= Your task =
Below are records; how many of their lines contain "Gold"? Reply with the number and no other words.

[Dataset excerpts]
----------------

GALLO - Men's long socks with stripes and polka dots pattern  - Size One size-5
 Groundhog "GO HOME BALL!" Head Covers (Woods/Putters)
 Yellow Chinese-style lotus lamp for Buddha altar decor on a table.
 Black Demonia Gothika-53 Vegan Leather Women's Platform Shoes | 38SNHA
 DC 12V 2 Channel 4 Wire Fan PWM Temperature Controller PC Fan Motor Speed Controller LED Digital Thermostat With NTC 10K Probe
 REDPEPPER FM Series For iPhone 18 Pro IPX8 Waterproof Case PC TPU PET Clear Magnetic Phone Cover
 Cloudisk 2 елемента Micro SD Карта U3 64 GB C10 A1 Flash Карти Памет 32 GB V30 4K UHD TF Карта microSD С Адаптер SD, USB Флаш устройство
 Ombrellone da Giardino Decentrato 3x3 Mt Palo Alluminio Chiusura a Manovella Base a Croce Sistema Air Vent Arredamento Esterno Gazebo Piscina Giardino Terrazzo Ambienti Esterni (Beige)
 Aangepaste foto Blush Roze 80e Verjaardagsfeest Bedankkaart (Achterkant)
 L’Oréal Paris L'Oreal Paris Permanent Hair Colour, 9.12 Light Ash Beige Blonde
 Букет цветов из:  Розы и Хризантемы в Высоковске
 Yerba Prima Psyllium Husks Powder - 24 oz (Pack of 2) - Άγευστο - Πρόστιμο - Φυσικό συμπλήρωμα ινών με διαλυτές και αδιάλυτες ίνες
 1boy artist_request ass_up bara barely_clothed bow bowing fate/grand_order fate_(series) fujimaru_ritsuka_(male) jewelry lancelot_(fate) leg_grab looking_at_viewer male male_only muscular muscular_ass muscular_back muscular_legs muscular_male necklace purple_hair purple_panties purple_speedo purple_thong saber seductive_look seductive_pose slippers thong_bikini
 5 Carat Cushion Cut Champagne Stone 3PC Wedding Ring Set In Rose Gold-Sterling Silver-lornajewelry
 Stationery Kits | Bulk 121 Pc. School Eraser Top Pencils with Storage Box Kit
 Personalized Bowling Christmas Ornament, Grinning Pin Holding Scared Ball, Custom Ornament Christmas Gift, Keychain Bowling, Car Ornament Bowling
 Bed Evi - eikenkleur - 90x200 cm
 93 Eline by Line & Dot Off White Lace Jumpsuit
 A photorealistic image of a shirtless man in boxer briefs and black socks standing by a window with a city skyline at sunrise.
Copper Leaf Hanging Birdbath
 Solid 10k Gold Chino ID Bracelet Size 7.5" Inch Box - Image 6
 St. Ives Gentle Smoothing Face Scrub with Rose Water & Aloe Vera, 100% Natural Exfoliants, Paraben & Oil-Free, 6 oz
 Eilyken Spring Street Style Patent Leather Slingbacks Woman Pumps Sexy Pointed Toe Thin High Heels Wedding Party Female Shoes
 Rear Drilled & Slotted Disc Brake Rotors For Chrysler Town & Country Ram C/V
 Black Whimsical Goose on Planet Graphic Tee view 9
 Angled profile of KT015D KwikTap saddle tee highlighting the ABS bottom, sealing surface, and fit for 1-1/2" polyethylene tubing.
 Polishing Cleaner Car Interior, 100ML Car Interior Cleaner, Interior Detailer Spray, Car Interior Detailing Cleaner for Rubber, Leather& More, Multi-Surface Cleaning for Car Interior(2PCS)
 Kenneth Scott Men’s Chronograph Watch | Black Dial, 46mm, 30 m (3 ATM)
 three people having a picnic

----------------

= Answer to this problem =
2